* **GIVEN INFORMATION**
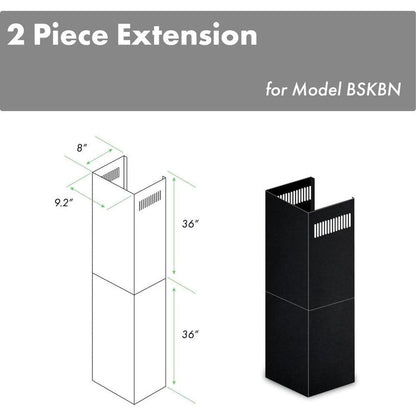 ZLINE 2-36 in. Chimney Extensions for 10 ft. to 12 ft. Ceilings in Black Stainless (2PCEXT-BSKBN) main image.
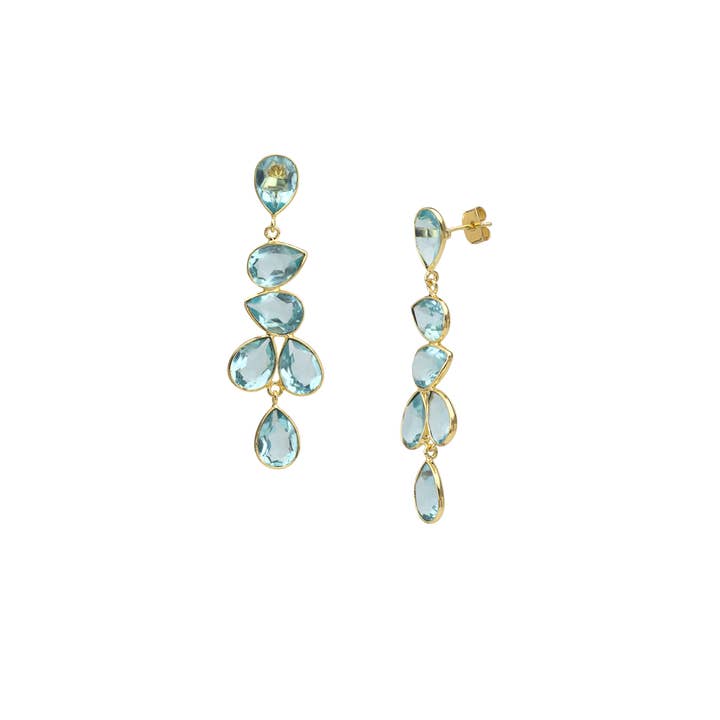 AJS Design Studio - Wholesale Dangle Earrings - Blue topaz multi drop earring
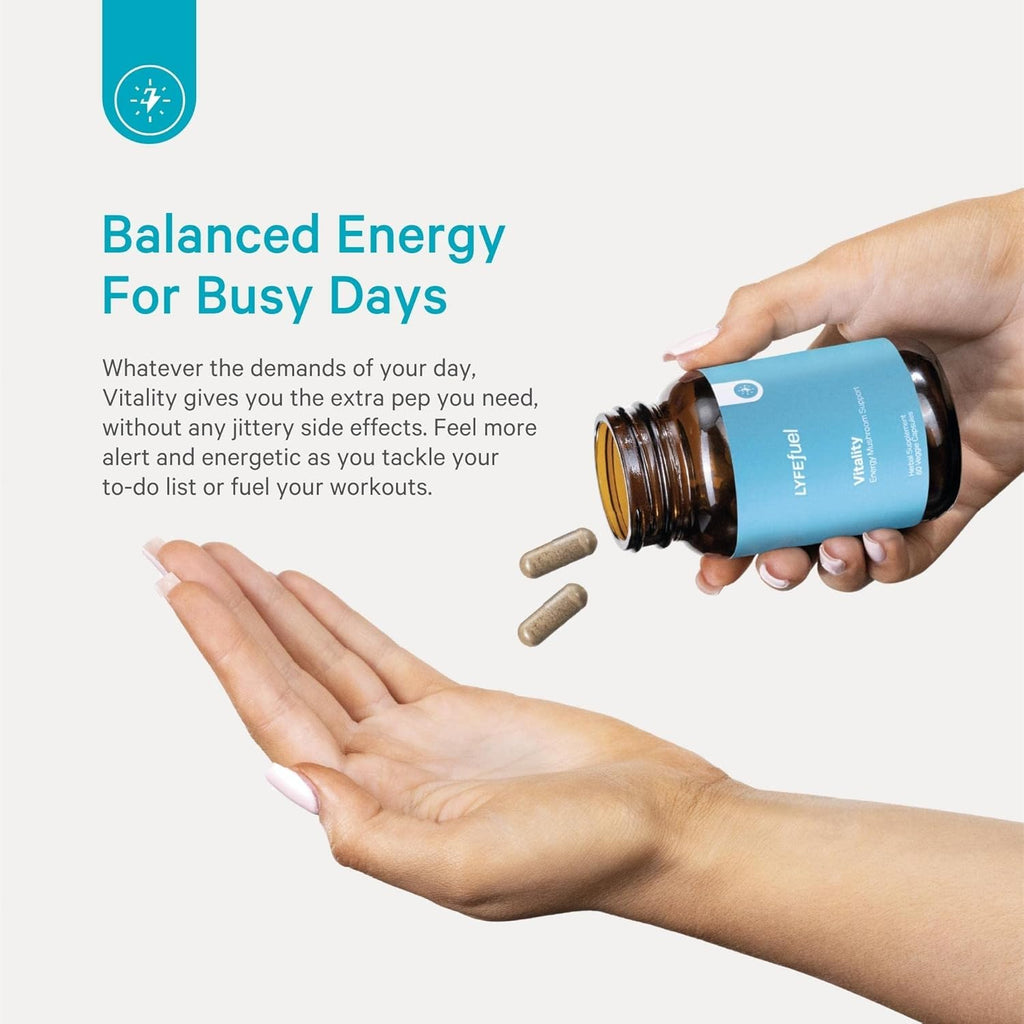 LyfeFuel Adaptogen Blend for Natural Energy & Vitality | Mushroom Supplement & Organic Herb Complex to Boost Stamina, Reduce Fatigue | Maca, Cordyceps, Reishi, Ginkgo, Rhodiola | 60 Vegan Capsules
==
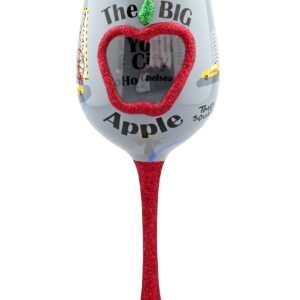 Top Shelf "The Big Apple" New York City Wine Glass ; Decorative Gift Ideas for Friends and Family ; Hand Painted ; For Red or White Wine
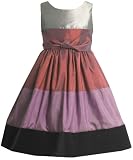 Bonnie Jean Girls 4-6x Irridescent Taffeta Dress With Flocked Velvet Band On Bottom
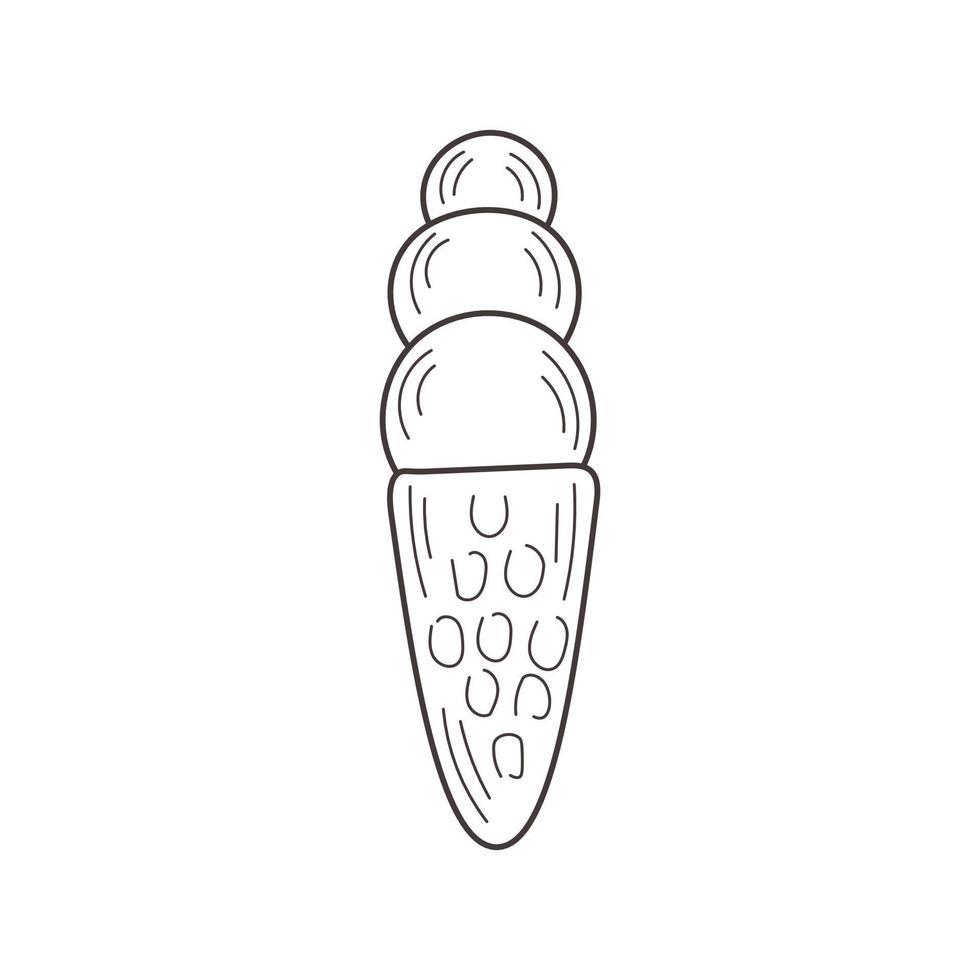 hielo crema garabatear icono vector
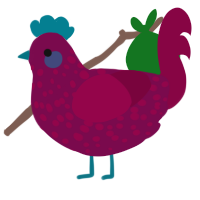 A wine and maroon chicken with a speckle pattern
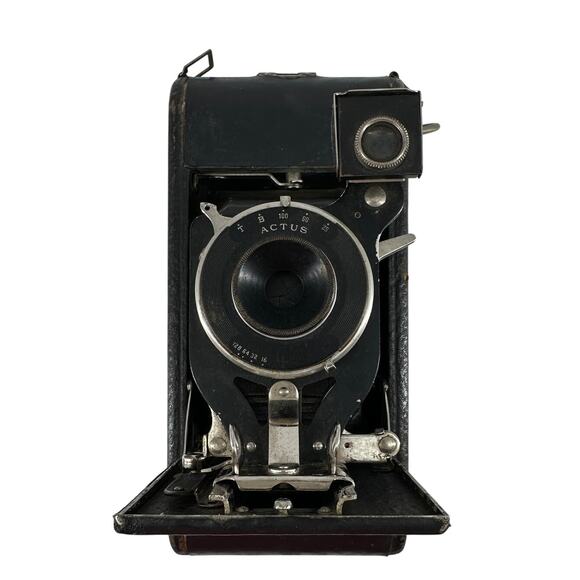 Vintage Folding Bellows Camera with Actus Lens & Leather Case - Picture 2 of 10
* * *
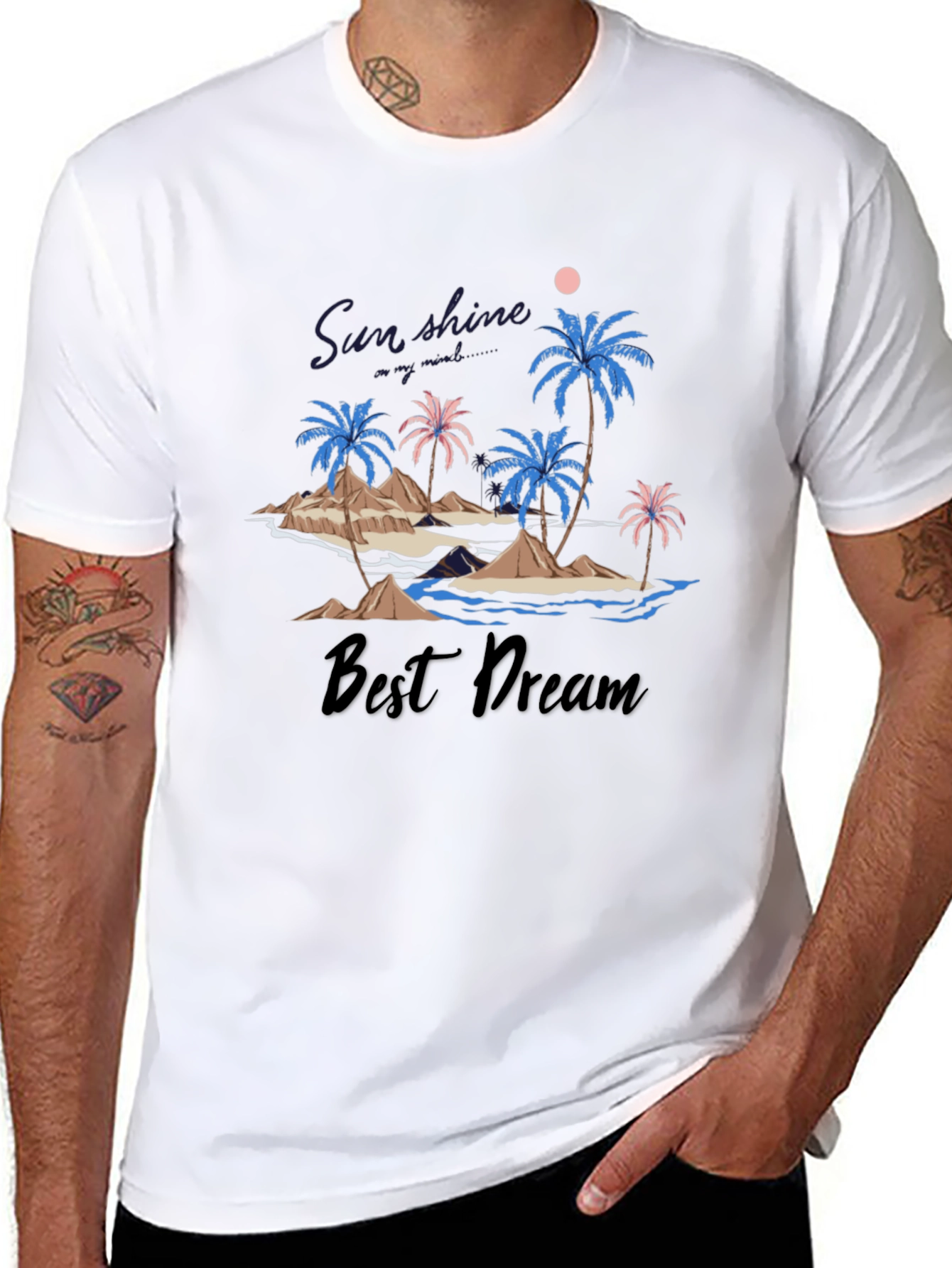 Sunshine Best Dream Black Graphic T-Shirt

* **THE PROBLEM**
In the listing above, find the line containing "ZLINE 2-36 in." and the line containing "LyfeFuel Adaptogen Blend". Print those two lines and every line between them exactly, with no pictures.

* **RESPONSE**
 ZLINE 2-36 in. Chimney Extensions for 10 ft. to 12 ft. Ceilings in Black Stainless (2PCEXT-BSKBN) main image.
 AJS Design Studio - Wholesale Dangle Earrings - Blue topaz multi drop earring
 LyfeFuel Adaptogen Blend for Natural Energy & Vitality | Mushroom Supplement & Organic Herb Complex to Boost Stamina, Reduce Fatigue | Maca, Cordyceps, Reishi, Ginkgo, Rhodiola | 60 Vegan Capsules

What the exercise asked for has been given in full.